If your pond fish have spawned, make sure that the fry have access to a shallow area, safe from the attentions of adult fish that will consider them tasty morsels.

Other water garden jobs for late spring:

Check for signs of plant pests, such as aphids, and treat as appropriate.

Limit the spread of duckweed at this time, otherwise by the end of summer your pond could be covered.

Summer Pond Plant Maintenance Guide

Early summer

It is surprising how much water can be lost through evaporation on a really hot day, particularly with small features such as water barrels or wall-mounted fountains. Keep the water level topped up regularly; by far the easiest way to do this is with a hose. Make sure that you have a fine-spray attachment, or the pool will be churned up and plants disturbed.

In hot weather the water becomes comparatively warm and the fish can become lethargic. Feeding should be reduced slightly during these periods.

Other water garden jobs for early summer:

Thin out overgrown clumps of oxygenators and other fast-growing aquatics.

Weed the bog garden, and apply copious amounts of water during dry spells.

Check and cut back overgrown waterlilies.


Life in the pond will not come to a grinding halt if you are away, but there are a few things you should do before you go: Ask a neighbour to switch on any aeration device (I.e. a fountain or a waterfall/cascade) for a short while during the period you are away. This will help to oxygenate the water. If you do not have a powered aeration device, tell your neighbour that emptying a bucket of clean water, or running a hosepipe into the pond on muggy days, will do some good. As long as there are plenty of water plants of all kinds in your pond, fish can generally manage well enough for a couple of weeks without supplementary feeding. Block feeders are available for fish in ponds that have few plants.

Other water garden jobs for mid-summer:

Pond levels may still need topping up in warm weather.

Continue to remove blanket weed and other forms of algae from the pond water.

Late summer

This is when you should start a weekly routine of pulling out dead leaves and stems from your pond, before they sink to the bottom and give off harmful gases.

Your weekly tidying regime should be as follows:

Cut and clear away any collapsing stems and leaves before they enter the water.

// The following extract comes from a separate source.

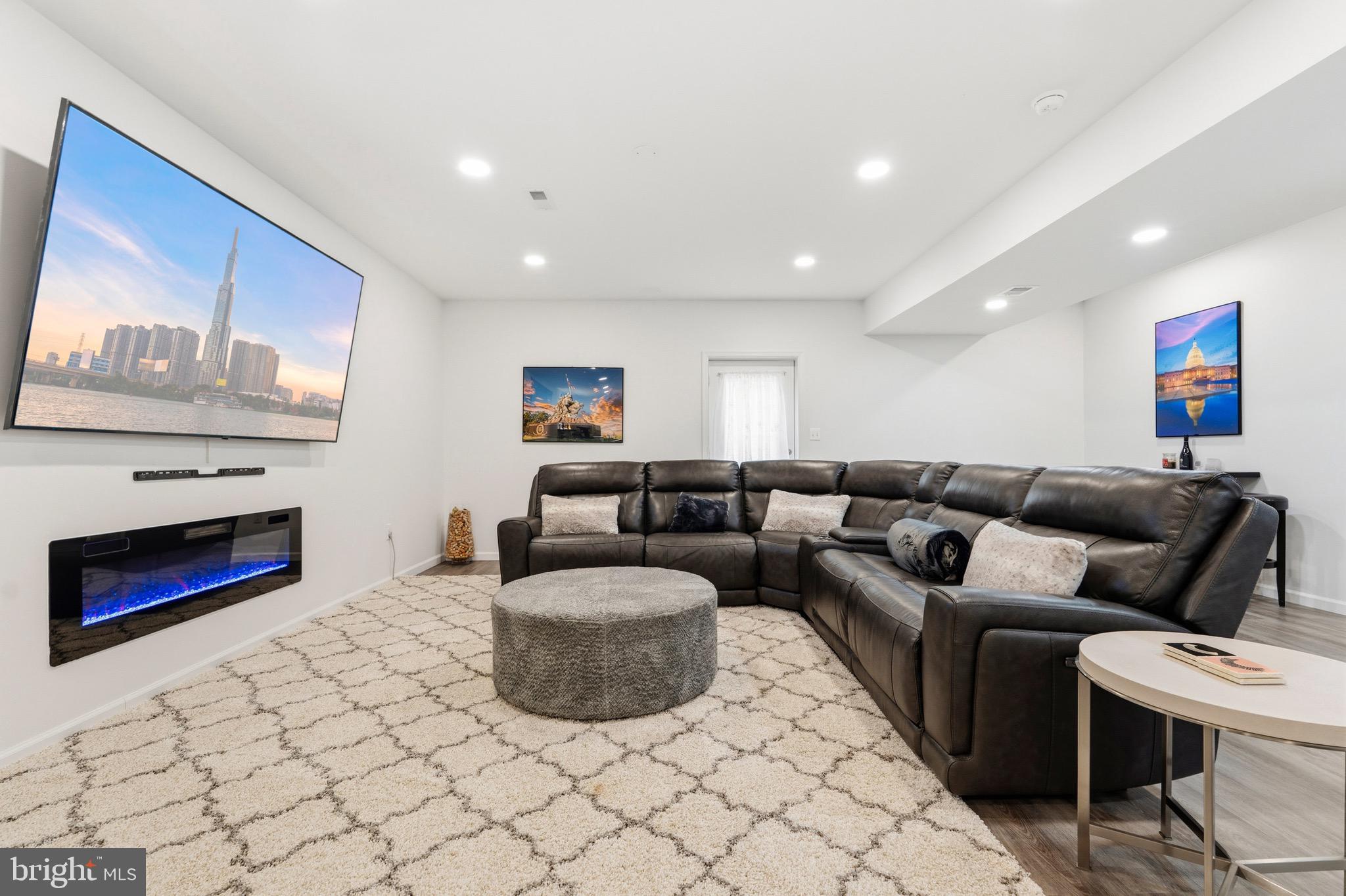LAUREL HILLS CROSSING - Residential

Trim back fading marginal plants by two-thirds.

Leave one or two areas as cover for the various water animals that spend their winter hiding near the banks.

Remove older leaves of waterlilies.

Watch for the two main waterlily pests: aphids and lily beetle. The aphids (blackfly and greenfly) are instantly recognisable. The beetles are brown and small, and they eat holes in and on the edges of the leaves. Fire a jet of water at the leaves to knock the pests in to the water, and remove the worst affected leaves.

Other water garden jobs for late summer:

Divide overgrown marginal plants before the soil and water are too cold for replanting.

Detach young portions of tender aquatic plants (such as the water hyacinth, Eichhornia) for overwintering safely indoors.

Tropical or tender fish that have been enjoying the summer outdoors should be returned to their winter quarters indoors.

Autumn Pond Plant Maintenance Guide

Early autumn

Lift and divide any bog garden plants that need it — except the tenderest types, which are better left until spring. Pull apart large clumps and discard the tough older centres, replanting only the more vigorous, outer sections. Leave waterlilies and other fully aquatic species until spring.

Cut back clumps of marginal species. Leave long stumps, especially if they are a trifle tender and have hollow stems. The accumulation of water within the stem bases, which will freeze during winter, can cause damage and allow rot to penetrate the crown.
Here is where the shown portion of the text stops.